■ EXERCISE: In the entries that follow, find the line containing "TSP24 Cute Phone" and the line containing "Akai AP-206 AP-206C", then copy exactly everything from the first through the second except the pictures.

■ EXTRACTED INFORMATION:
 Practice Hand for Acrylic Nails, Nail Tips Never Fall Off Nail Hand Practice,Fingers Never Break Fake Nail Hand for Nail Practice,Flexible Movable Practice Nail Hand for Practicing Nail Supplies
---
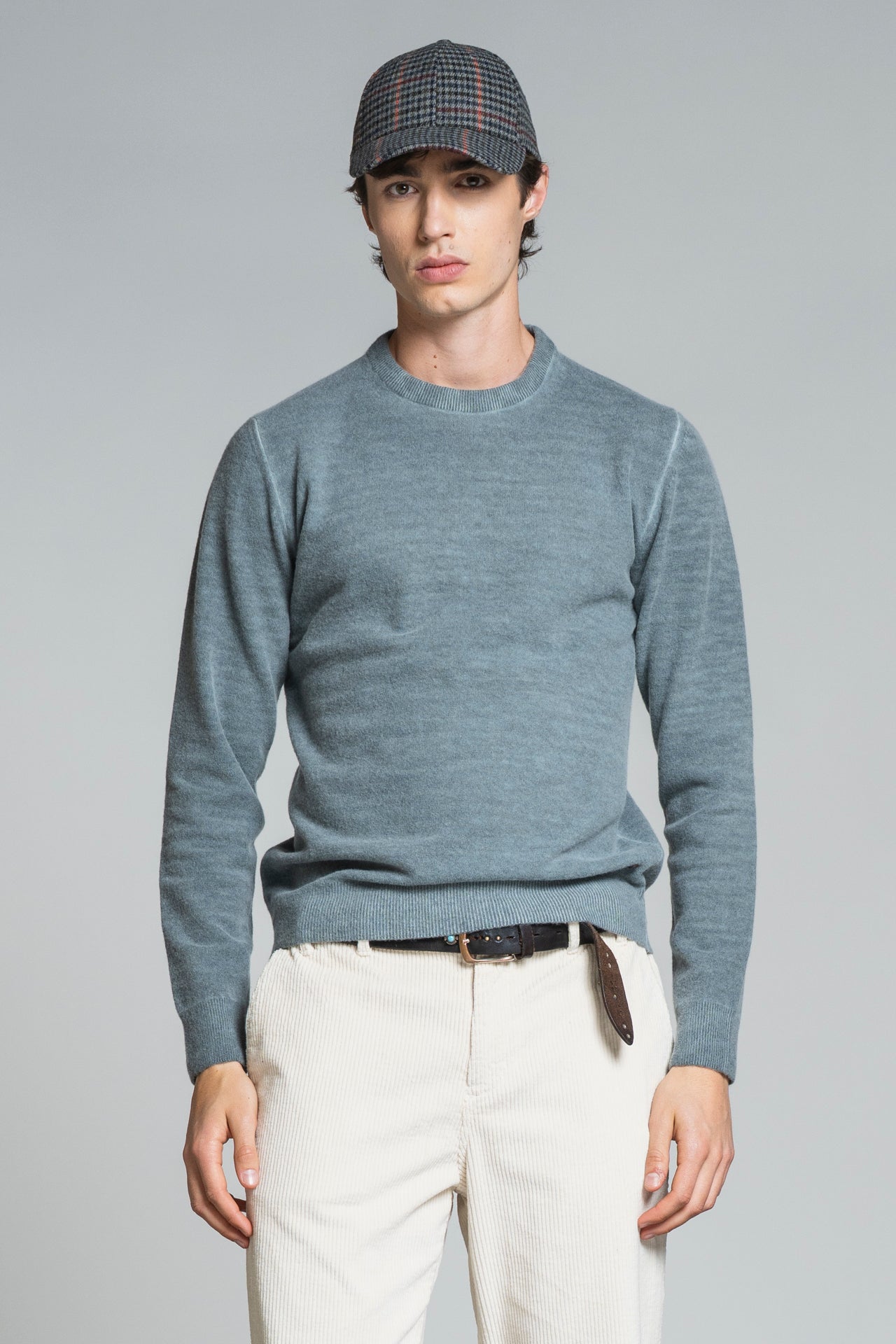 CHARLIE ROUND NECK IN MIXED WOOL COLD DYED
* * *
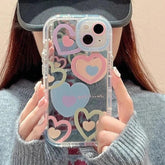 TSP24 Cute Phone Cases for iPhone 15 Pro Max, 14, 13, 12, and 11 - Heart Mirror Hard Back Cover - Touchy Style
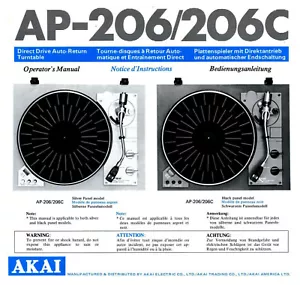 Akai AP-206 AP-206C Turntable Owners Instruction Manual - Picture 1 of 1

■ ANSWER BELOW:
 TSP24 Cute Phone Cases for iPhone 15 Pro Max, 14, 13, 12, and 11 - Heart Mirror Hard Back Cover - Touchy Style
 Akai AP-206 AP-206C Turntable Owners Instruction Manual - Picture 1 of 1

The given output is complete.